# They've hatched!



## LadyGascoyne (9 October 2016)

We woke up this morning to find gorgeous little fuzzy goslings. They are an absolute delight. Gwen is a very proud mum and very protective of her brood. Earnest has finally taken an interest in fatherhood which is a relief because he has been begging to be let into the house lately.

Here are the little ones 













We started with eight eggs. One didn't hatch at all, one partially hatched but didn't make it and we think one was trampled. 

We had five at 10.00 this morning but she appears to have lost one during the day and we are down to four. 

I don't want to interfere with her too much but does she need some help here, or is this a normal amount to lose?


----------



## Sandstone1 (9 October 2016)

They will need you to provide chick crumbs I think. It's years since I had any chicks but I'm sure that's what we used to feed.


----------



## PorkChop (9 October 2016)

They are fab 

We make sure they have access to chick crumbs, but apart from that its up to mum!  They will move onto growers pellets fairly quickly so you only need enough for a few weeks.

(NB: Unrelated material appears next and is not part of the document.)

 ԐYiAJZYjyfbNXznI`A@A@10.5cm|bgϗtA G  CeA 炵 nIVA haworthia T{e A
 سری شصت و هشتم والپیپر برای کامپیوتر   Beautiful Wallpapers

Can you shut them in at night?  More likely to make it through the first few weeks if you can.


----------



## D66 (9 October 2016)

Congratulations. 
I think the loses are normal, we have only used an incubator to hatch poultry and you have to work hard to get them all to survive. 
Don't count your geese before they've hatched.


----------



## Tyssandi (9 October 2016)

LadyGascoyne said:



			We woke up this morning to find gorgeous little fuzzy goslings. They are an absolute delight. Gwen is a very proud mum and very protective of her brood. Earnest has finally taken an interest in fatherhood which is a relief because he has been begging to be let into the house lately.

Here are the little ones 













We started with eight eggs. One didn't hatch at all, one partially hatched but didn't make it and we think one was trampled. 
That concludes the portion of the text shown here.